Rodriguez, 48, took over as principal this school year for Robert Wilson, who now serves as the principal of the new Cherokee Bluff Middle School in South Hall.
Rodriguez has spent more than two decades as an educator, most recently for Gwinnett County Schools as a high school assistant principal charged with overseeing discipline, attendance and other issues among another largely Latino student demographic.
“In my heart, I always wanted to come back to elementary (school),” where he started, Rodriguez said. “But I didn’t know what God had planned for me.”
There is one thing, however, Rodriguez was sure of: he wanted to retire in Hall County.
He and his wife, Tracy, are avid motorcyclists and often tour on their bikes through Hall and the Northeast Georgia mountains.
“I’ve been trying to get up here for years,” Rodriguez said. “This was my retirement plan. I thought it would be 10 years down the road.”
His affinity for Hall County also comes from the eight years he and his wife fostered children, two of whom they adopted.
Three of the five foster children placed long term with the Rodriguez family were from Hall families.
“So we came into the community for almost a decade,” Rodriguez said.
A fateful conversation last winter about job openings for educators led Rodriguez to discover the need to fill a principal’s position at Lyman Hall.
And when he began looking at the backgrounds and needs of most students, Rodriguez, whose parents are from Puerto Rico and Cuba, said he knew he’d hit on something big.
“I’m working with families that mirror my (upbringing),” he said.
The families of most students enrolled at Lyman are immigrants from Mexico, Honduras, El Salvador and Guatemala.
“This is a resilient group of kids,” Rodriguez said. “We can’t even wrap our minds around what they’ve gone through.”
And it’s an “incredible opportunity I don’t want to waste …” he added.

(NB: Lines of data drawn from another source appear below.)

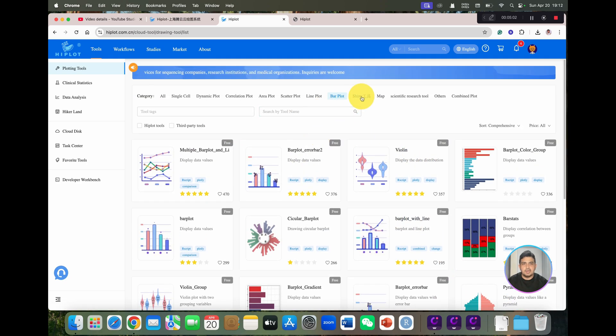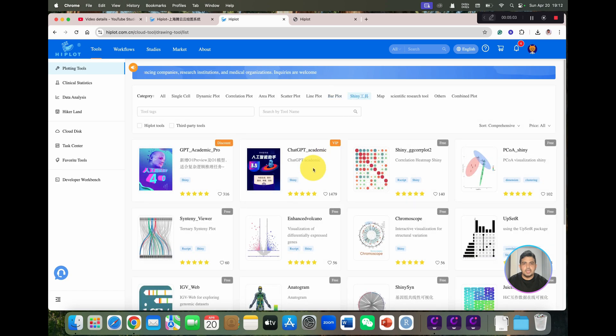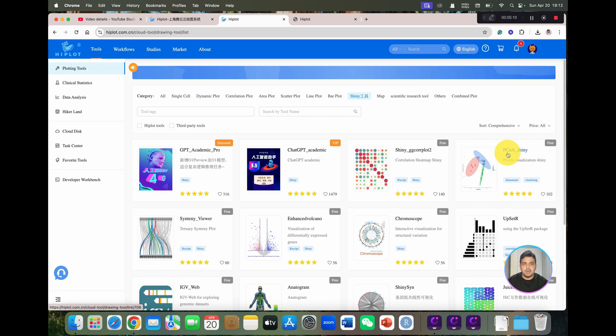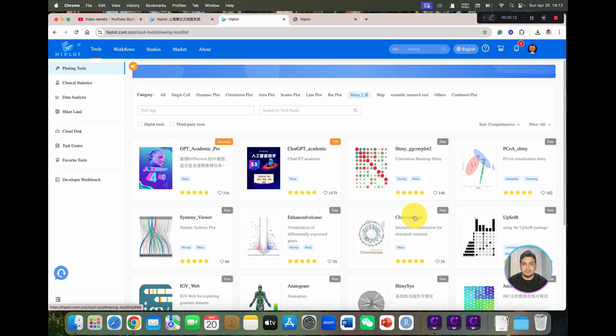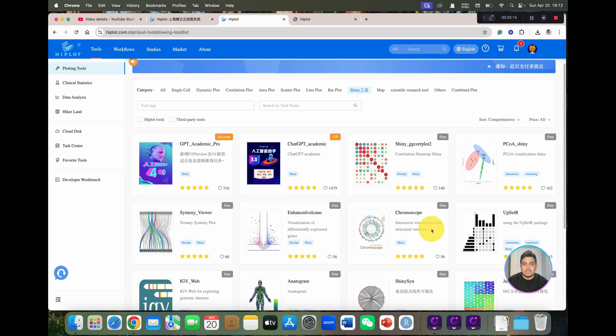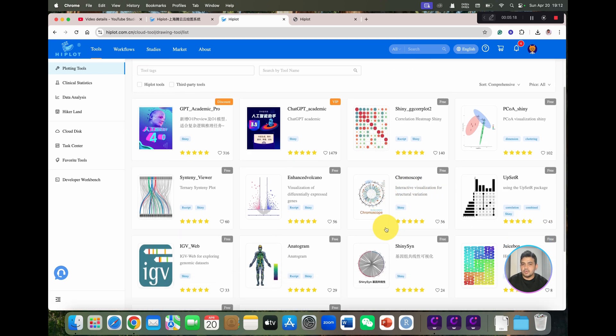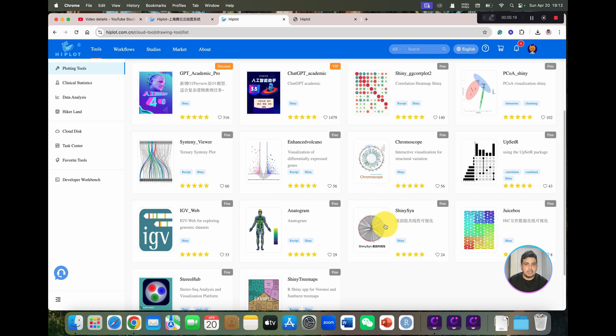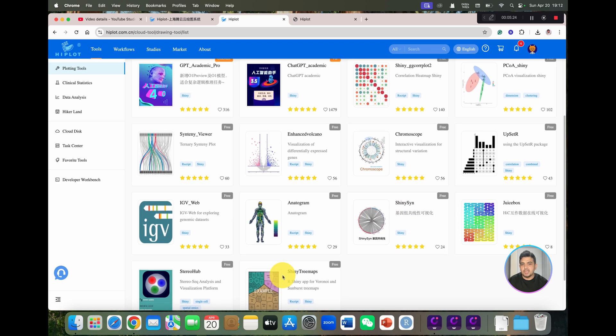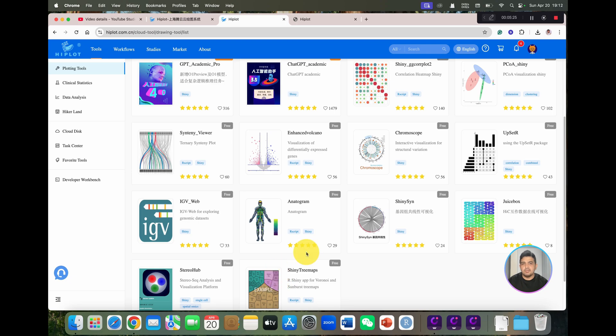If we can go to Shiny app, you can see here we can even view synteny, we can draw PCO Shiny tool, and we have interactive visualization for structural variation of chromoscope. Then we have Shiny scan, which was just recently published, and we have Shiny tree maps.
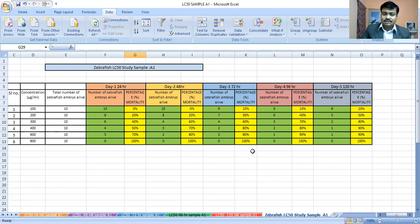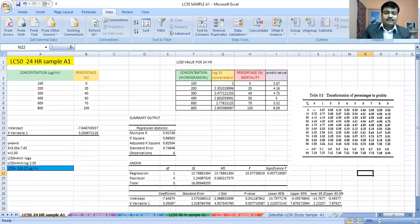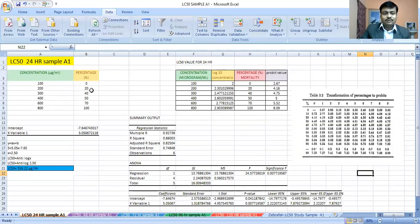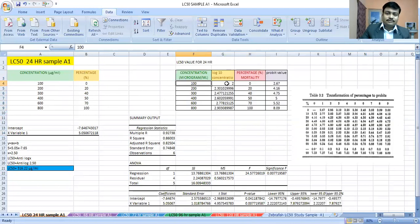Now I will show you how to statistically calculate the exact LC50 value. Considering the sample after 24 hours, the concentrations are 100, 200, 300, 400, 600, and 800 micrograms per ml, with percentage mortalities of 0%, 20%, 40%, 70%, and 100%. You must create a table with these concentrations, then convert each concentration into log concentration using Excel — for example, 100 to 800 converts to log values of 2.00, 2.30, 2.47, 2.60, 2.77, and 2.90.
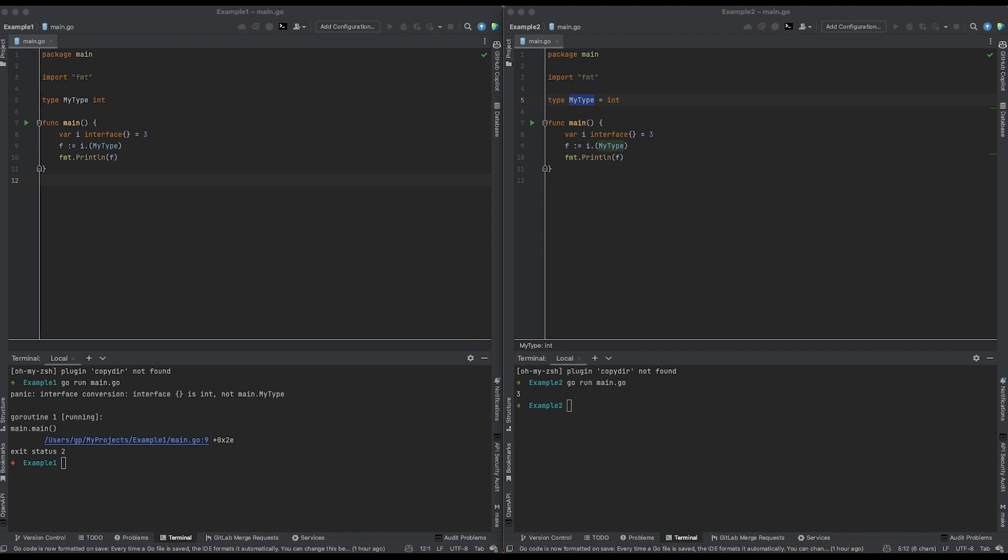All right, now let's get back to the problem at hand. So as we've seen, the program on the left panics when we try to execute this code and the message that we get in the terminal indicates that the problem is with the interface conversion.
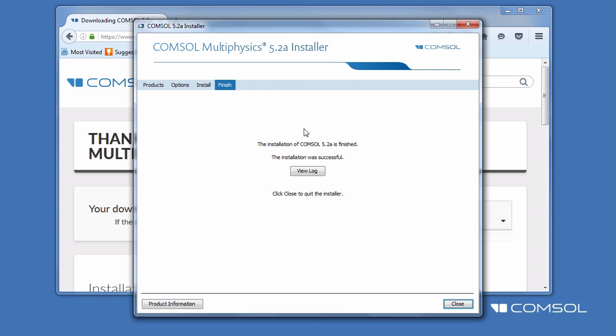After installation is complete, you may view the log file for any messages or errors. You have now successfully installed your ComSol Multiphysics software. For more detailed information, check out the installation guide available at comsol.com/product-download.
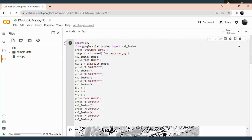I think you understand how to convert the RGB model to the CMY model. Before doing this practical session, please do watch the theoretical session which I have already discussed about the color models and color conversion — then it will be very easy for you to do the practical session. Thank you.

Rodriguez said he always puts his faith and trust in the Lord, but the opportunity to lead Lyman Hall had him joking: “Alright, let me be more specific, I’m cool with your will God … but I feel this is the one.”
And the level of support from central office administration gives him the confidence he needs to succeed, Rodriguez said.
“Our Lyman Hall family is very excited to have Angel Rodriguez joining us,” Hall County Schools Superintendent Will Schofield said. “Not only does he possess unique professional experiences which equip him to lead Lyman, his personal story mirrors that of many of our Lyman students. He passionately believes in the power of education to provide opportunities in this country.”
Rodriguez is not like some educators who come from a long line of teachers.
His mother had only a kindergarten-level education, he said, and his father completed only first grade.
But both were hard working. And his mother was a curious soul, always reading and educating herself.
“I remember how much she valued education,” Rodriguez said, if only because of what she had missed out on. “She would also tell me, ‘If I had gone to school, I would have been a lawyer.’”
His family came to value education so much that a love of learning became a natural part of his childhood.
Rodriguez said that whenever an encyclopedia salesman rapped on the door of his home, which was common in his youth, they “always knew they had a sale at my house.”
All these years later, Rodriguez said he is amazed his life has taken him to Lyman, and he sees a compelling narrative taking shape.
“It would be a school like Lyman Hall serving them,” he said of his parents, if they were growing up in Hall County in this day and age. “I can’t believe I’m in this situation that I get to turn around and serve others in that way.”
The mission before him now is to empower Lyman students so they reach their full potential, which could set a precedent for their descendants, Rodriguez said.
“I don’t want anyone to feel … limited in what they are capable of,” he added. “Their success is going to have a generational impact.”